Create linked services

Data Factory pipelines read from data sources and write to data sinks, which are typically other Azure services. These connections to other services are managed as linked services.

The pipeline in this example reads data from a DICOM service and writes its output to a storage account, so a linked service must be created for both.

Create a linked service for the DICOM service

In Azure Data Factory Studio, select Manage from the menu on the left. Under Connections, select Linked services and then select New.
On the New linked service pane, search for REST. Select the REST tile and then select Continue.
Enter a Name and Description for the linked service.
In the Base URL field, enter the service URL for your DICOM service. For example, a DICOM service named contosoclinic in the contosohealth workspace has the service URL https://contosohealth-contosoclinic.dicom.azurehealthcareapis.com.
For Authentication type, select System Assigned Managed Identity.
For AAD resource, enter https://dicom.healthcareapis.azure.com. This URL is the same for all DICOM service instances.
After you fill in the required fields, select Test connection to ensure the identity's roles are correctly configured.
When the connection test is successful, select Create.

Create a linked service for Azure Data Lake Storage Gen2

In Data Factory Studio, select Manage from the menu on the left. Under Connections, select Linked services and then select New.
On the New linked service pane, search for Azure Data Lake Storage Gen2. Select the Azure Data Lake Storage Gen2 tile and then select Continue.
Enter a Name and Description for the linked service.
For Authentication type, select System Assigned Managed Identity.
Enter the storage account details by entering the URL to the storage account manually.
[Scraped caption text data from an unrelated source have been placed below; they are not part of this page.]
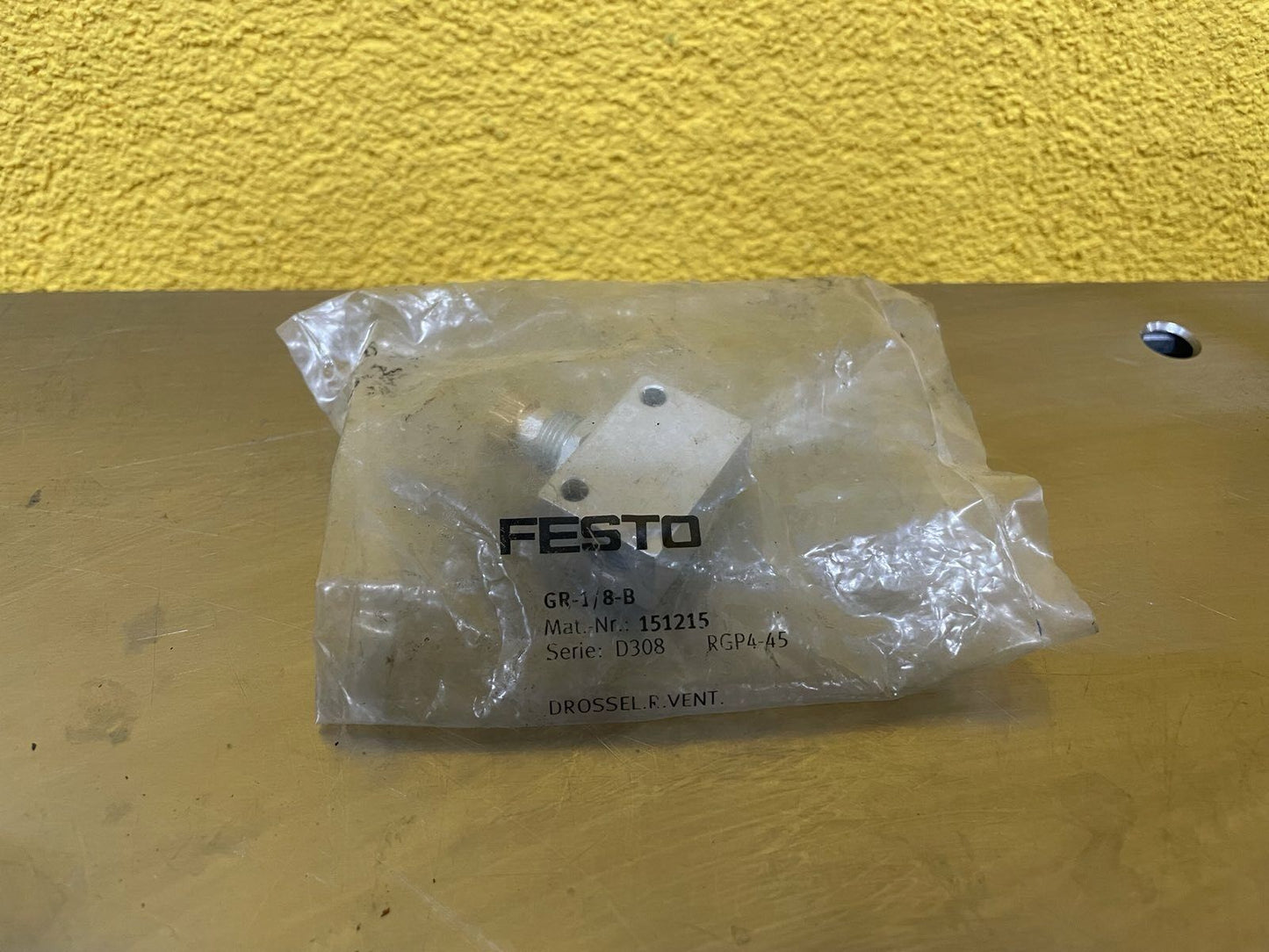 Festo GR-1/8-B 151215 1-Way Flow Control Valve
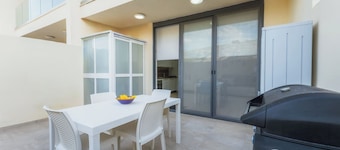 Xlendi Apartment with BBQ | Close to the Bay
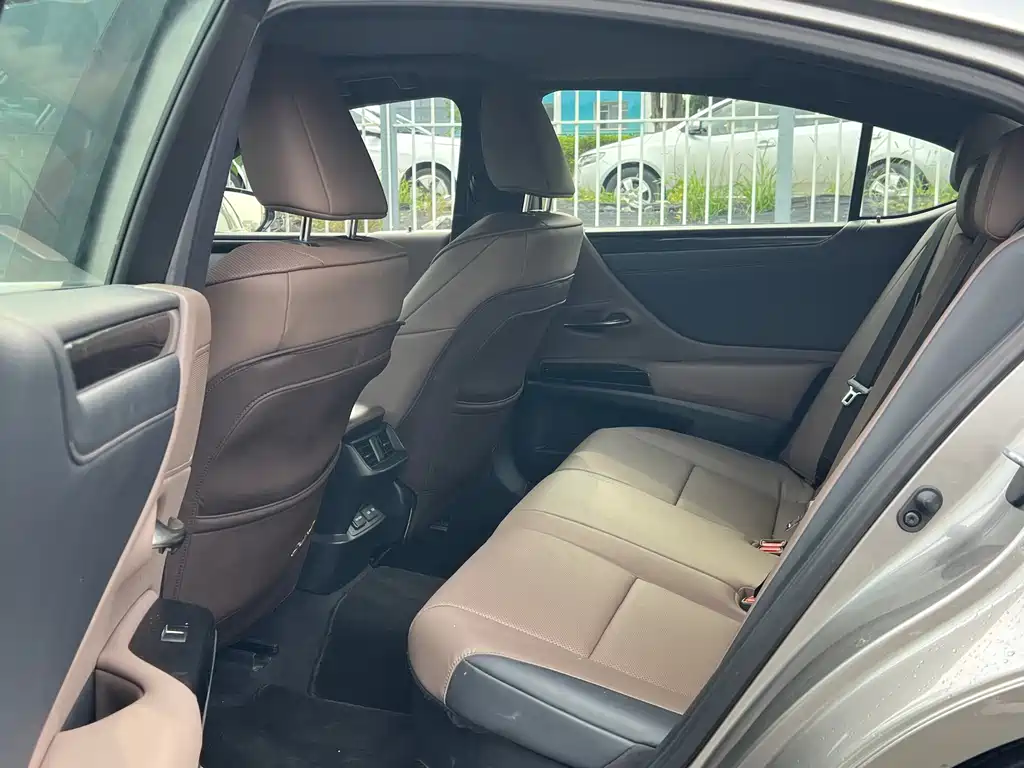 Lexus ES — миниатюра 9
Or you can select the Azure subscription and storage account from dropdowns.
After you fill in the required fields, select Test connection to ensure the identity's roles are correctly configured.
When the connection test is successful, select Create.

Create a pipeline for DICOM data

Data Factory pipelines are a collection of activities that perform a task, like copying DICOM metadata to Delta tables. This section details the creation of a pipeline that regularly synchronizes DICOM data to Delta tables as data is added to, updated in, and deleted from a DICOM service.

Select Author from the menu on the left. In the Factory Resources pane, select the plus sign (+) to add a new resource. Select Pipeline and then select Template gallery from the menu.
In the Template gallery, search for DICOM. Select the Copy DICOM Metadata Changes to ADLS Gen2 in Delta Format tile and then select Continue.
In the Inputs section, select the linked services previously created for the DICOM service and Data Lake Storage Gen2 account.
Select Use this template to create the new pipeline.

Create a pipeline for DICOM data

If you created the DICOM service with Azure Data Lake Storage, you need to use a custom template to include a new fileName parameter in the metadata pipeline. Instead of using the template from the template gallery, follow these steps to configure the pipeline.

Download the template from GitHub. The template file is a compressed (zipped) folder. You don't need to extract the files because they're already uploaded in compressed form.
In Azure Data Factory, select Author from the left menu. On the Factory Resources pane, select the plus sign (+) to add a new resource. Select Pipeline and then select Import from pipeline template.
In the Open window, select the template that you downloaded. Select Open.
In the Inputs section, select the linked services created for the DICOM service and Azure Data Lake Storage Gen2 account.
Select Use this template to create the new pipeline.

Schedule a pipeline

Pipelines are scheduled by triggers. There are different types of triggers. Schedule triggers allow pipelines to be triggered on a wall-clock schedule, which means they run at specific times of the day, such as every hour or every day at midnight. Manual triggers trigger pipelines on demand, which means they run whenever you want them to.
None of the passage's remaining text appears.